Media Kampung – Veda Ega Pratama kembali menyiapkan diri untuk seri Moto3 Spanyol 2026 di Sirkuit Jerez dengan mengandalkan motor berteknologi tinggi yang dirancang khusus oleh Honda Team Asia, menonjolkan spesifikasi motor Veda Ega Pratama yang telah dioptimalkan untuk lintasan berkecepatan tinggi.
Balapan dijadwalkan berlangsung antara 24 hingga 26 April 2026, menandai kembalinya pembalap berusia 17 tahun setelah kegagalan finish di Circuit of the Americas, Austin pada 29 Maret lalu; persiapan intensif selama tiga minggu libur memberi kesempatan bagi tim untuk menyesuaikan setelan motor.
Motor yang dikendarai Veda memiliki mesin 250 cc, satu silinder, empat langkah, dengan bore‑stroke 81,0 mm × 53,0 mm, menghasilkan tenaga puncak sekitar 55 hp pada 13.500 rpm serta torsi maksimal 30 Nm pada 11.000 rpm, sesuai regulasi Moto3 2026 yang menekankan keseimbangan antara daya dan keandalan.
Kerangka mesin dibangun menggunakan rangka aluminium alloy berinsulasi, dengan bobot minimum 152 kg termasuk pengendara, dilengkapi sistem elektronik kontrol traksi (ECU) yang dapat diprogram oleh tim untuk menyesuaikan kurva tenaga pada tiap bagian lintasan, serta sistem injeksi bahan bakar berbasis fuel‑mapping yang memungkinkan respon gas yang halus.

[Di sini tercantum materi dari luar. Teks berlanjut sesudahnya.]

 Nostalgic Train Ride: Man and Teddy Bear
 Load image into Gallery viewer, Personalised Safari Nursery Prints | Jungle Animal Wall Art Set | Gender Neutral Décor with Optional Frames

Suspensi depan menggunakan fork telescopic invert 43 mm dari Showa dengan tiga tingkat penyesuaian preload, sementara suspensi belakang memakai monoshock Uni‑Trak dengan penyesuaian rebound dan compression; kedua komponen dirancang untuk menyerap guncangan di tikungan cepat Jerez yang memiliki radius 4,4 km.
Rem cakram hidrolik berdiameter 300 mm di depan dan 220 mm di belakang dilengkapi dengan master‑cylinder bertekanan tinggi, memberikan daya pengereman yang konsisten pada suhu tinggi; ban Pirelli slick tipe Moto3 standar dipasang pada rim aluminium berukuran 17 inci, dengan profil khusus untuk meningkatkan grip pada permukaan aspal abrasif.
Setelah insiden high‑side di tikungan 11 Austin yang menyebabkan Veda tidak dapat menyelesaikan balapan, ia menegaskan bahwa fokus utama kini adalah mengoptimalkan setelan motor untuk menemukan ritme yang tepat di Jerez, mengingat catatan FP1 menempatkannya pada posisi ke‑24 dengan waktu 1:46.808 detik.
Tim Honda Asia berkomitmen melakukan sesi latihan sore untuk mengejar zona 15 terdepan, mengingat keunggulan motor Honda dalam hal kestabilan akselerasi dan kemampuan manuver pada tikungan teknis; harapan Veda adalah mengubah spesifikasi motor menjadi keunggulan kompetitif untuk meraih podium kembali.
Dengan data teknis yang telah teruji dan pengalaman Veda di Red Bull Rookies Cup 2025, motor bernomor 9 ini diharapkan dapat menampilkan performa maksimal pada fase kualifikasi dan balapan utama, menjadikan spesifikasi motor Veda Ega Pratama sebagai faktor penentu dalam upaya meraih hasil kuat di Moto3 Spanyol 2026.
Artikel ini dipublikasikan oleh Media Kampung.